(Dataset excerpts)
______

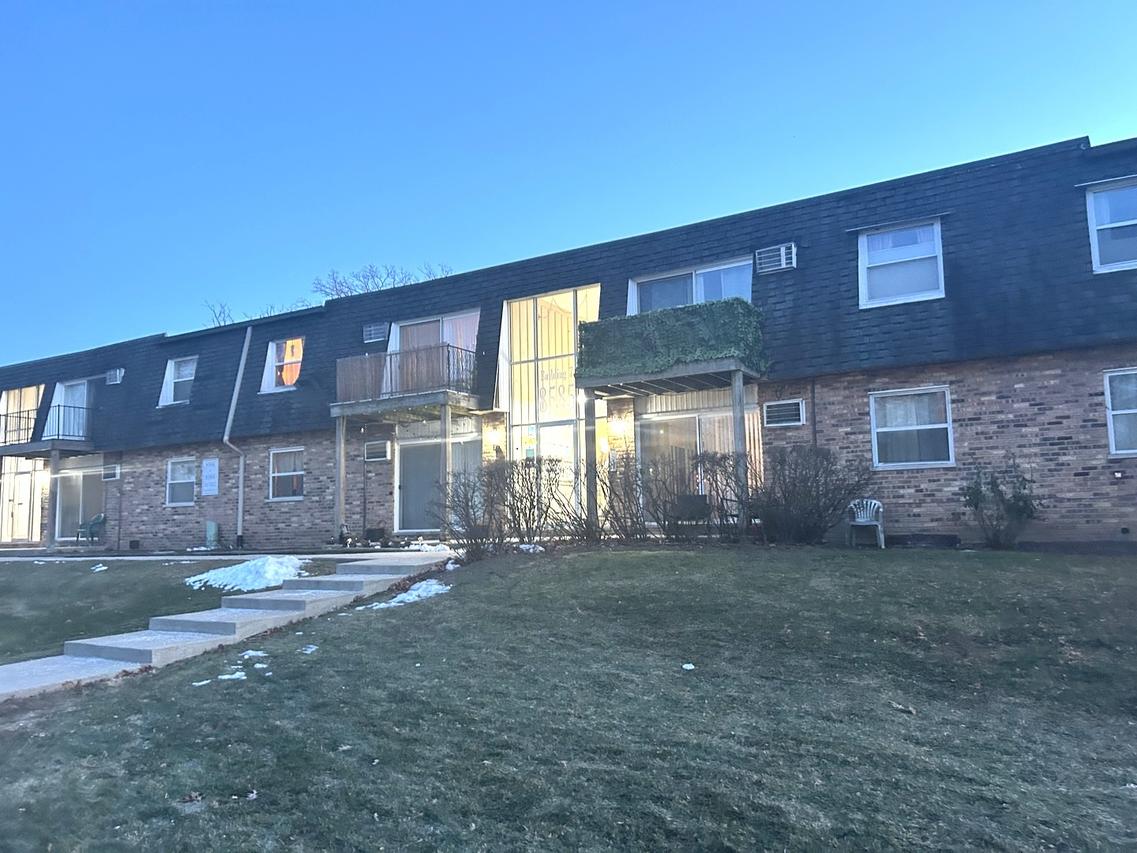 8585 W 101 St Ter. #304, Palos Hills, IL 60465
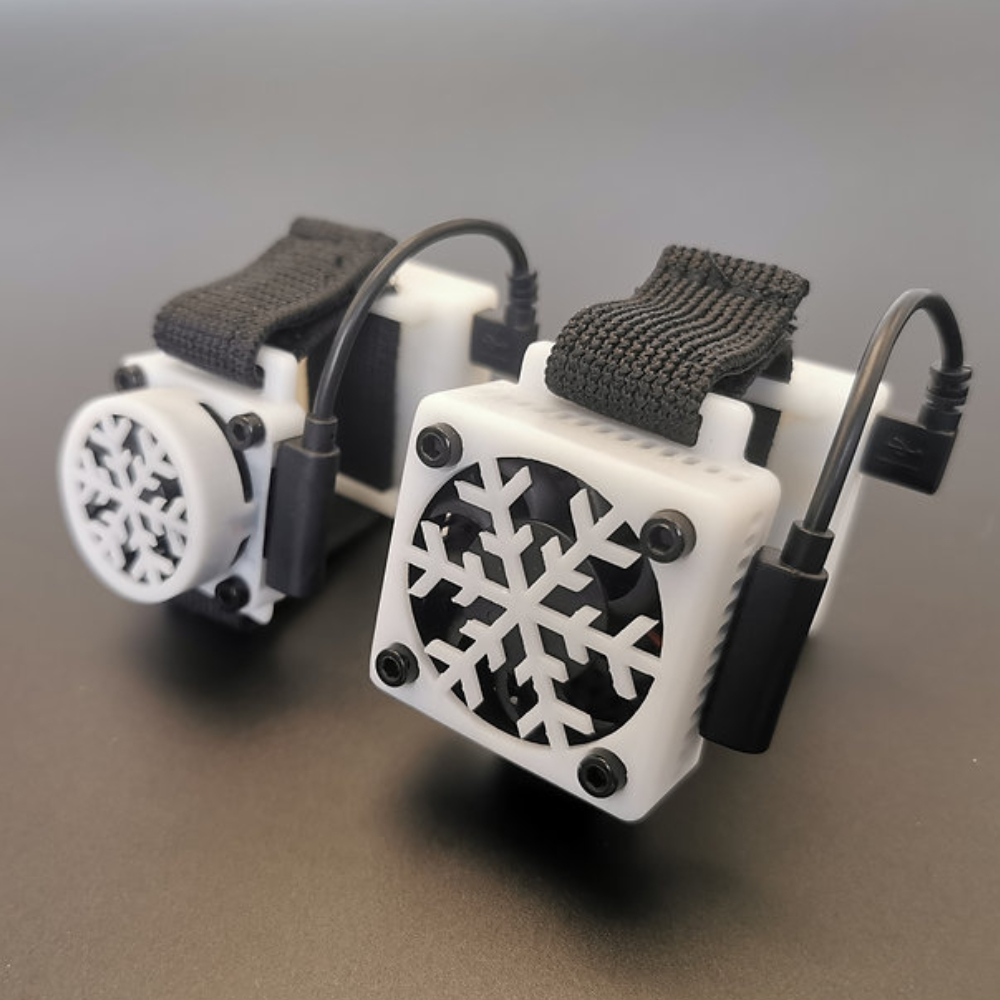 Наручный кондиционер. Silent Cicada Personal Air Conditioner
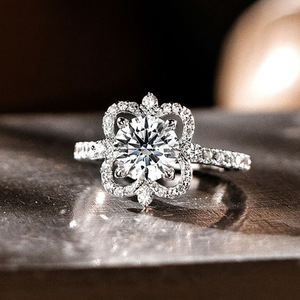 Anello elegante da donna con zirconi a forma di fiore, ornamento floreale di alta qualità in stile europeo per appuntamenti romantici - Product Image 1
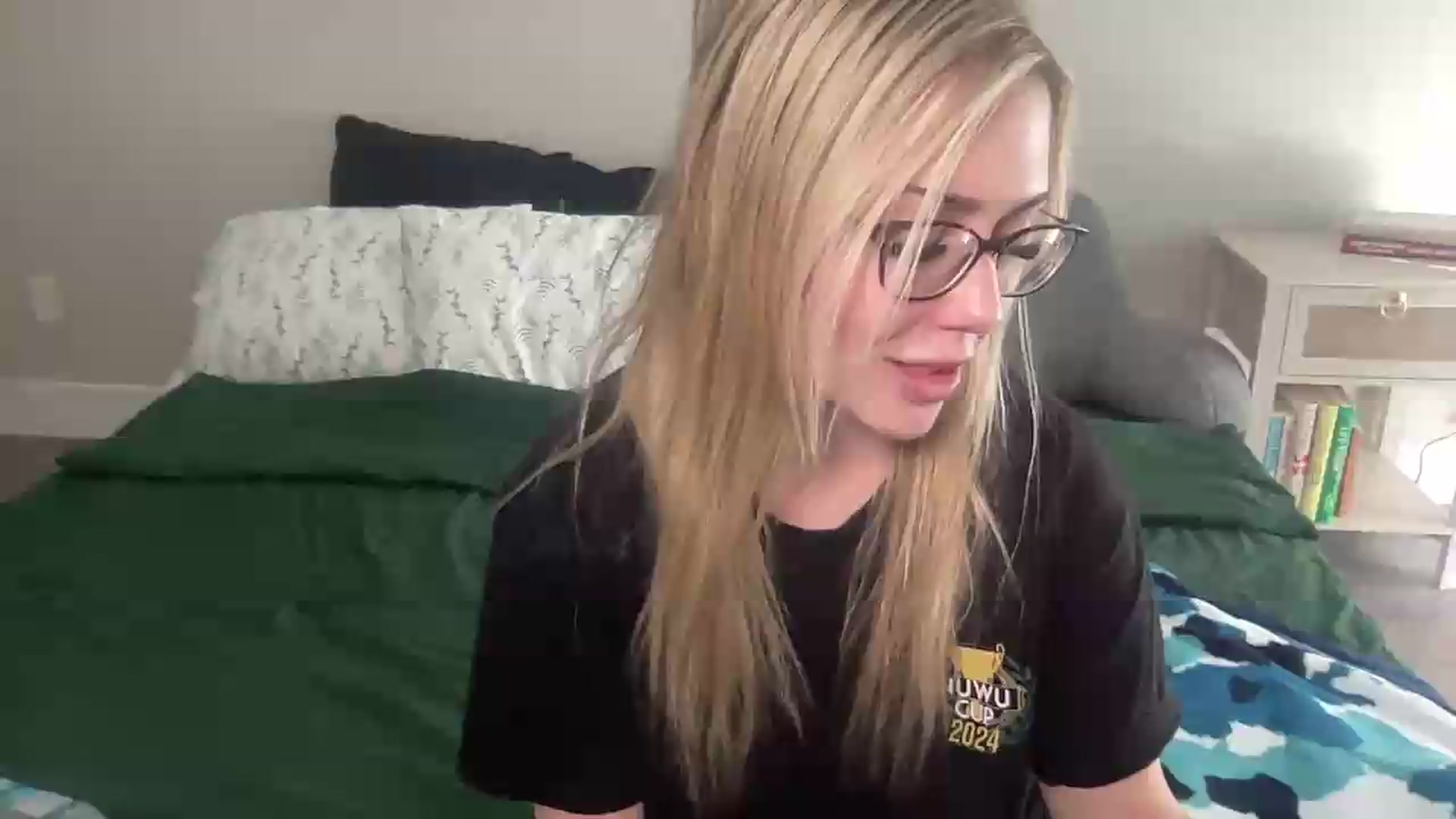 Gallery image thumbnail from AshleyMarina's myfreecams stream on, 09/05/2026, 16:33 image 4 of 20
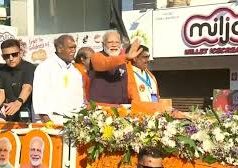 PM मोदी ने पुडुचेरी में चुनाव प्रचार को दी धार, NDA नेताओं के साथ किया रोड शो; देखने को उमड़ी भीड़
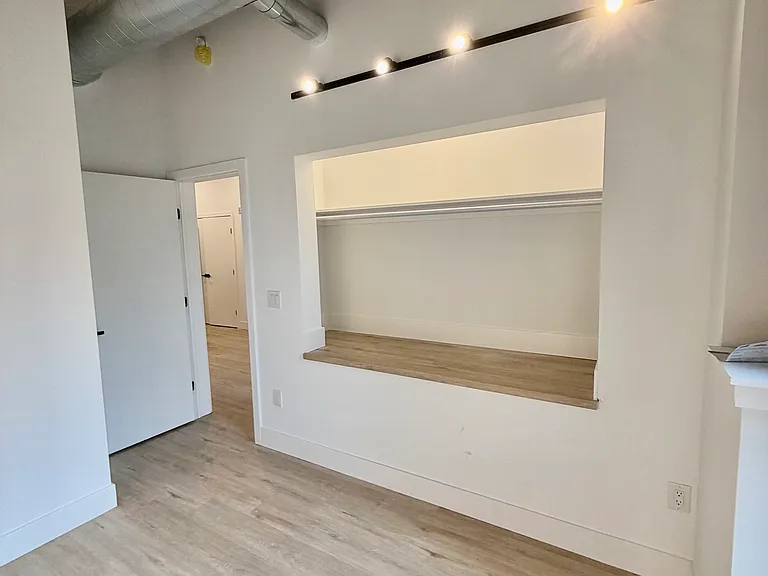 1629-37 S 28th St #25 — Photo 10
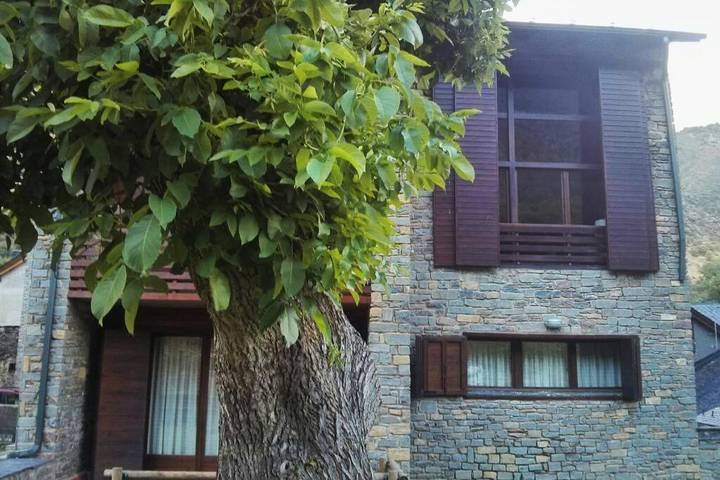 Gîte pour 6 personnes, avec vue et jardin à Alins - 4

______

WORK TO BE COMPLETED >> All lines from the one holding "1629-37 S 28th St #25 — Photo 10" through the last line of the records need to be copied exactly, both ends included, and the pictures left behind.

EXERCISE RESULT >>
 1629-37 S 28th St #25 — Photo 10
 Gîte pour 6 personnes, avec vue et jardin à Alins - 4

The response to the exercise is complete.